Though Jesus always warned about the heavy cost of following him, many salvation-product peddlers now promise that the salvation-product not only gives you guaranteed fire insurance, but also that it will make you wealthier and healthier and happier right now. All for the small price of a prayer. What a deal!

The trouble is, there is nothing about the consumerized Gospel that remotely resembles anything like the Good News proclaimed in the New Testament. It’s a tragic, grotesque, distortion of the Kingdom revolution Jesus came to establish. And at the base of it all, I suspect, is this legal transaction view of the atonement that I discussed in my last post.

You can see why I said earlier that thinking about the atonement is anything but a merely academic affair. It has huge practical consequences.

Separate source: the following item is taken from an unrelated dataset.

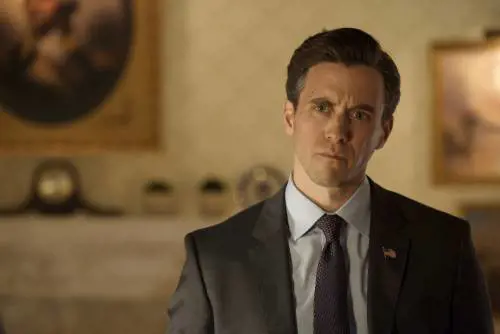 Langdon, Ashley Zukerman protagonista della serie tv prequel de Il codice da Vinci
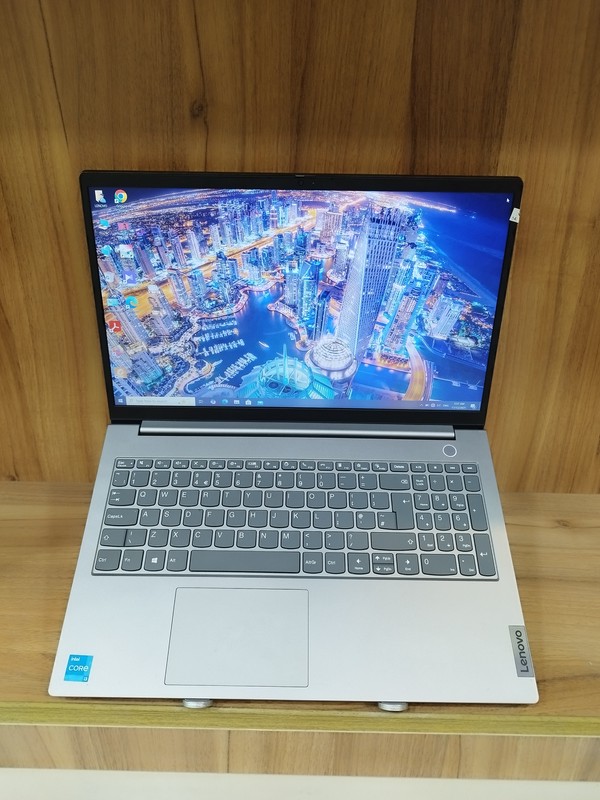 لپ‌تاپ لنوو 20VE پردازنده i3 نسل 11 رم 4 هارد 256 گرافیک اینتل صفحه نمایش 15.6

I ask you to start considering the possibility that when you accepted Jesus, you weren’t just cashing in on a legal-transaction two thousand years ago that gives you eternal fire insurance. You rather were trading in your civilian clothes for a military uniform. You weren’t signing up in the “wait-to-go-to-heaven-for-free club.” You were rather enlisting as a guerilla warrior in a subversive revolution. Yes, you’ll go to heaven. But that is a mere by-product of the transforming revolutionary life you surrendered to in the present.

If the main thing Jesus did centered on a legal transaction in heaven that took place when he died, then the main thing the Church is about is getting people to give mental ascent to this. The Church thus becomes mainly a religious society consisting of people who believe they are saved by believing Jesus gets them “off the hook.”

By contrast, if the main thing Jesus was about centered on overturning condemnation and overcoming evil by unleashing the unsurpassable power of self-sacrificial love—which I argue for in so much of what I write and preach—then the Church must be seen primarily as a community of people who do the same thing. In this view, we can’t even talk about what Jesus did for us without in the same breath talking about what Jesus is doing in us and through us.

Because of what Jesus did, we are being caught up into the reality of God’s conquest of evil through the power of self-sacrificial love. This reality is what Jesus identified as the Kingdom of God. The evidence that we’re being caught up into the Kingdom is not merely that we prayed “the sinners prayer,” but that we are beginning to individually and collectively manifest Jesus’ self-sacrificial love.

The Kingdom is not a legal-transaction kind of thing. It’s a caught-up-into-a-new-reality kind of thing.

This is why the New Testament stresses so strongly that we are united with Christ. Jesus identifies with us so that we may be identified with him (e.g. Rom. 6:1-8; Gal 2:17-21). His life, death and resurrection becomes our life, death and resurrection. Everything Jesus was about is what we are to be about, for we are, fact, united with him. This is also why Jesus not only takes up the cross for us, but also calls us to take up the cross in imitation of him (Mt 10:37-40, 16:21-28).

Imitating Jesus’ love, participating in Jesus’ love, identifying with Jesus’ love, and being transformed by Jesus’ love, is the essence of the Kingdom Jesus came to establish.